6. Greg Blair, Cincinnati (6’2’’, 252 lbs)
Since transferring in from junior college, Blair has been a steady two-year starter for Cincinnati. He has accumulated 216 tackles, 15.5 tackles for loss, 3.5 sacks, 11 pass breakups and three forced fumbles over two seasons.
Blair plays sound assignment football with disciplined reads, and he flows well to the football. He is able to shift through traffic and get to the ball while avoiding blockers. His range has improved over the past two seasons, and he has shown the ability to get to the edge and make plays outside the box.
Blair has flashed the ability to match up with tight ends in coverage, and he competes well at the catch point. He can blitz aggressively but has not been used often in that capacity.
Not a great athlete, Blair projects best to playing inside in a 3-4 defense.

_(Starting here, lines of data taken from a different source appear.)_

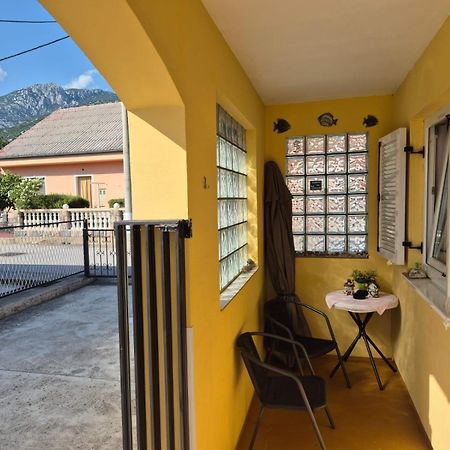 Apartman Davorka Karlobag Luaran gambar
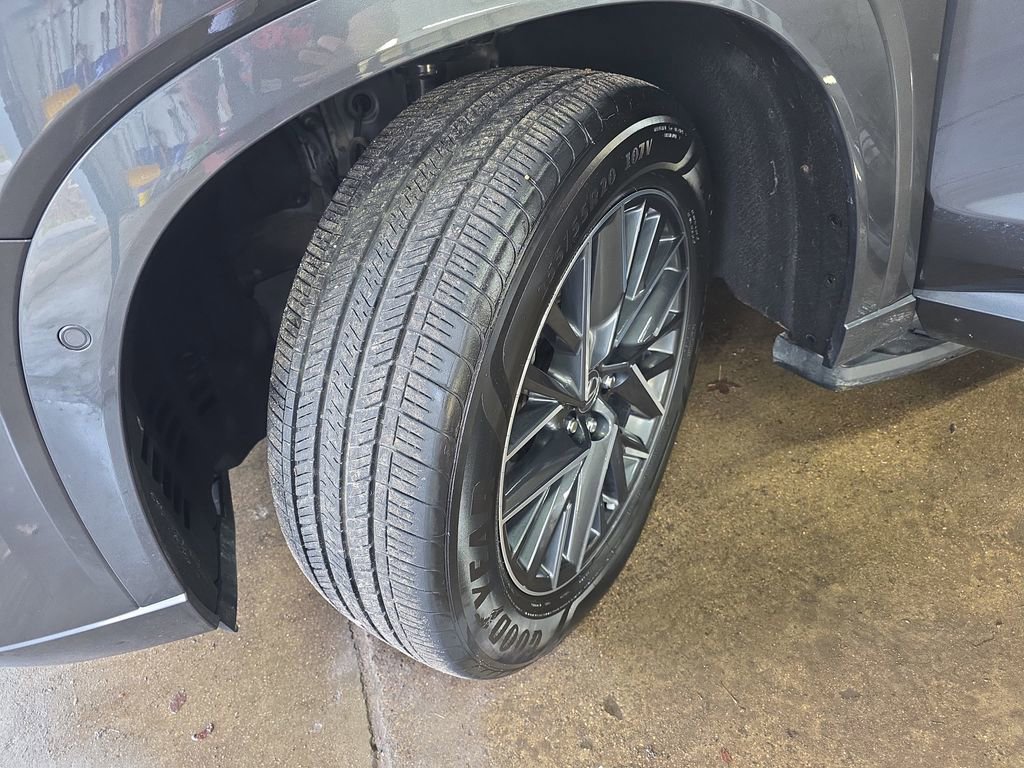 Used 2025 Lexus TX 350 AWD w/ Technology Package image 30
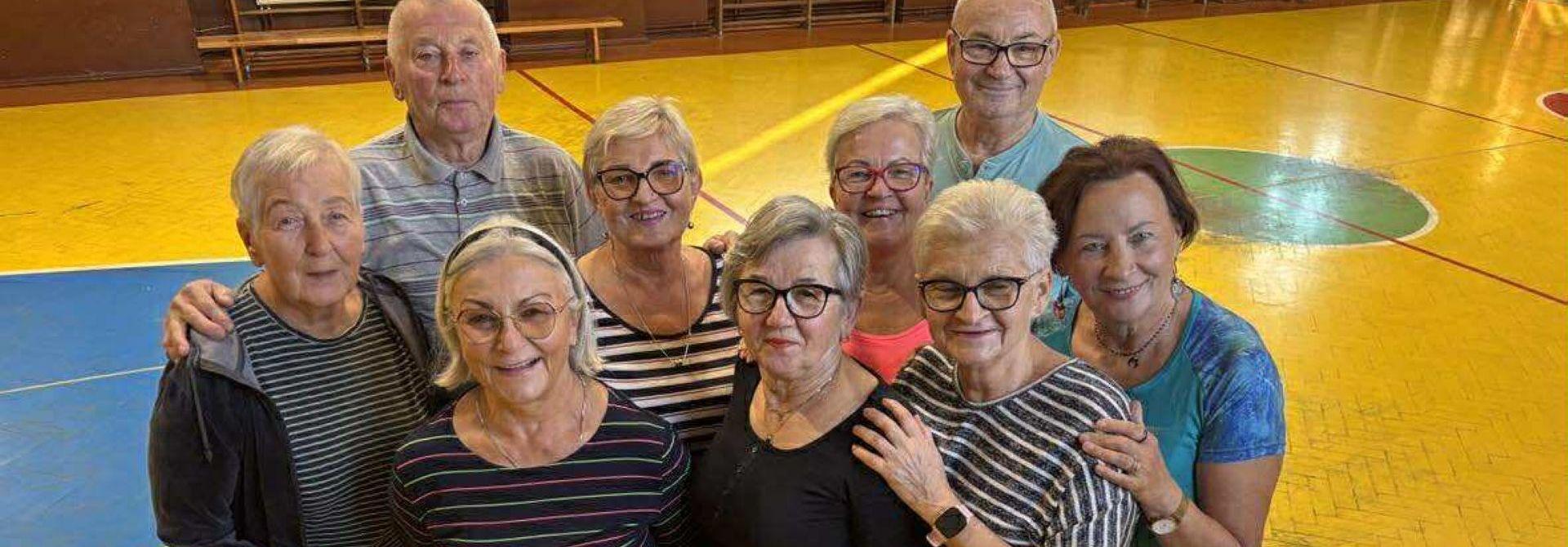 Aktywni i Bezpieczni – Seniorzy z Powiatu Wąbrzeskiego Ćwiczą dla Zdrowia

For a team looking to add quality depth at linebacker in the middle to late rounds of the draft, Blair could be a good selection with upside to start.
7. Preston Brown, Louisville (6’2’’, 260 lbs)
A three-year starter in the middle of the Louisville defense, Preston Brown has been a consistent contributor. He had one of the best games of his career on the biggest stage of his career when he had 13 tackles with 1.5 tackles for loss in the Cardinals’ Sugar Bowl victory over the Florida Gators at the end of his junior season.
Brown is a physical, downhill player who operates well in small spaces. He plays best when the play is in front of him. He takes on blockers well and runs through windows making plays. He is a sure tackler who positions himself well to make plays and has good run-stopping instincts.
Brown does not have sideline-to-sideline range. While he is an aggressive player in pursuit, he does not take the best angles when tracking down players on the edge.
Brown projects as a two-down player in the NFL who could be a run stuffer in the middle of a defense. His limited athletic ability prevents him from being much of a factor in pass defense.
8. Jordan Zumwalt, UCLA (6’4’’, 235 lbs)
Zumwalt is an unheralded player on the UCLA defense who has developed into a steady starter over the past two seasons.
Zumwalt wins with strength and good play-recognition skills. He does a lot of dirty work for the Bruins defense by reading plays with his instincts and occupying blockers while others are free to roam and make plays. Zumwalt holds up well when facing blockers and has flashed the strength needed to shed and make plays near the line of scrimmage.
Zumwalt has limited athleticism and versatility. He is a developmental prospect defensively, but he has been a steady contributor for the Bruins on special teams as well, which is where he can earn a roster spot in the NFL and keep him fighting for a job while he continues to develop.
9. Andrew Jackson, Western Kentucky (6’1’’, 257 lbs)
Jackson has been one of the most productive linebackers in college football over the past three seasons. He has accumulated 327 tackles, 42 tackles for loss, 6.5 sacks and five forced fumbles.
While Jackson’s statistics indicate he is a playmaking linebacker, his film leaves much to be desired. When Jackson reads plays properly, he flows well to the football and can make plays. He does not, however, read plays well consistently.
Jackson has issues sifting through traffic to get to the ball and is not fluid in his motions. He is not a great tackler and tends to frequently slip off ball carriers.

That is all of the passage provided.